The complainant described how she was “forced to continue life as though nothing had happened.”

She described dark times, including suicidal thoughts. But “when I committed to therapy in 2018 I was able to face the truth. The assault was wrong. It was a big deal. Through therapy, I was able to begin the journey to healing.” She thanked the magistrate for hearing her.

In sentencing, the age difference between the complainant and McMartin, 19 years old and 58 years, and the abuse of trust because of his position as pastor of the church that was the centre of her and her family’s life were taken into account.

Referring to a defence submission, Magistrate Peter Thompson noted that in terms of “extra-curial punishment” (publicity). “I can only take a personal blog into account to a limited extent,” a likely reference to The Other Cheek.

McMaster’s demenour changed noticebly in court during the hearing. Looking tense and worried, he relaxed when the magistrate questioned the police about whther their submissions ruled out an Intensive Corrections Order – the alternative to prison. When the hearing finished a smile crossed his face as he left the courtroom.

The sentencing hearing completed a series of humiliating court appearances for MacMartin, a former NSW state president of the Australian Christian Churches denomination. He had been the lead pastor of Inspire Church for decades, regarded as the complainant noted in her Victim’s Impact Statement as “annointed by God and almost worshipped.”

In a devastating afternoon, during the week before his guilty verdict was delivered, John McMartin’s evidence at the Brian Houston trial was shown to be false.

In that trial, of Brian Houston on a charge of concealing his father Frank Houston’s sexual abuse lof a child, McMartin had denied receiving letters from another witness, Pastor Barbara Taylor. Taylors letters receiving were found at McMartin’s church after an urgent subpoena was granted.
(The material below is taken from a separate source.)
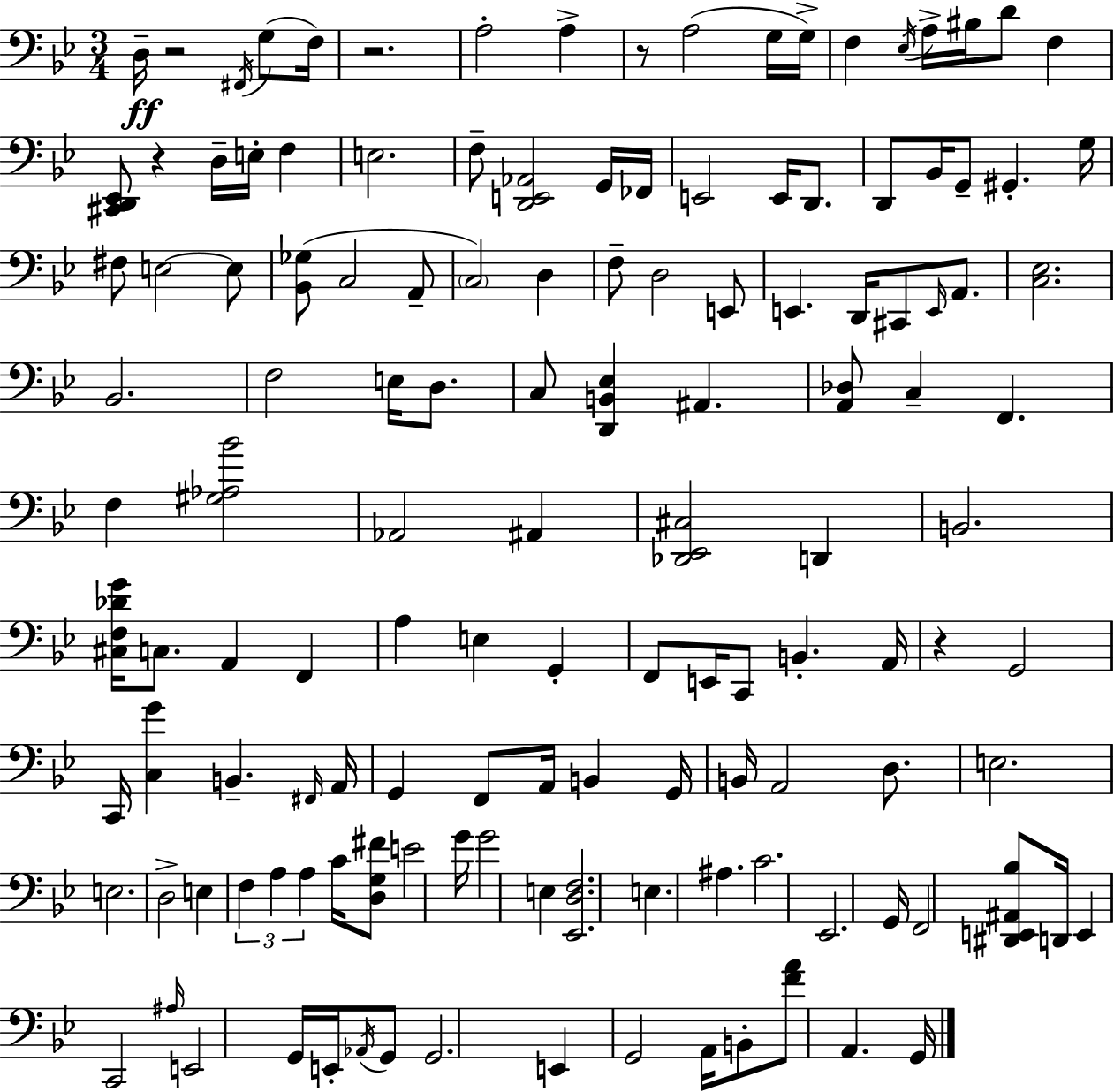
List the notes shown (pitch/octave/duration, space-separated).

D3/s R/h F#2/s G3/e F3/s R/h. A3/h A3/q R/e A3/h G3/s G3/s F3/q Eb3/s A3/s BIS3/s D4/e F3/q [C#2,D2,Eb2]/e R/q D3/s E3/s F3/q E3/h. F3/e [D2,E2,Ab2]/h G2/s FES2/s E2/h E2/s D2/e. D2/e Bb2/s G2/e G#2/q. G3/s F#3/e E3/h E3/e [Bb2,Gb3]/e C3/h A2/e C3/h D3/q F3/e D3/h E2/e E2/q. D2/s C#2/e E2/s A2/e. [C3,Eb3]/h. Bb2/h. F3/h E3/s D3/e. C3/e [D2,B2,Eb3]/q A#2/q. [A2,Db3]/e C3/q F2/q. F3/q [G#3,Ab3,Bb4]/h Ab2/h A#2/q [Db2,Eb2,C#3]/h D2/q B2/h. [C#3,F3,Db4,G4]/s C3/e. A2/q F2/q A3/q E3/q G2/q F2/e E2/s C2/e B2/q. A2/s R/q G2/h C2/s [C3,G4]/q B2/q. F#2/s A2/s G2/q F2/e A2/s B2/q G2/s B2/s A2/h D3/e. E3/h. E3/h. D3/h E3/q F3/q A3/q A3/q C4/s [D3,G3,F#4]/e E4/h G4/s G4/h E3/q [Eb2,D3,F3]/h. E3/q. A#3/q. C4/h. Eb2/h. G2/s F2/h [D#2,E2,A#2,Bb3]/e D2/s E2/q C2/h A#3/s E2/h G2/s E2/s Ab2/s G2/e G2/h. E2/q G2/h A2/s B2/e [F4,A4]/e A2/q. G2/s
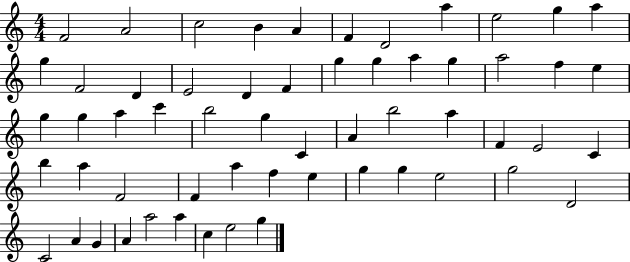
F4/h A4/h C5/h B4/q A4/q F4/q D4/h A5/q E5/h G5/q A5/q G5/q F4/h D4/q E4/h D4/q F4/q G5/q G5/q A5/q G5/q A5/h F5/q E5/q G5/q G5/q A5/q C6/q B5/h G5/q C4/q A4/q B5/h A5/q F4/q E4/h C4/q B5/q A5/q F4/h F4/q A5/q F5/q E5/q G5/q G5/q E5/h G5/h D4/h C4/h A4/q G4/q A4/q A5/h A5/q C5/q E5/h G5/q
The letters incident undermined McMartin’s credibility at the Brian Houston trial, giving weight to Barbara Taylor’s timeline that Houston only became aware of his father Frank Houston’s pedophilia in 1999.

Other testimony in the Houston trial showed that Mc Martin’s Inspire Church had been planted by Brian Houston who then invited McMartin, a Bible College classmate of Houston’s to come from New Zealand and take on the church.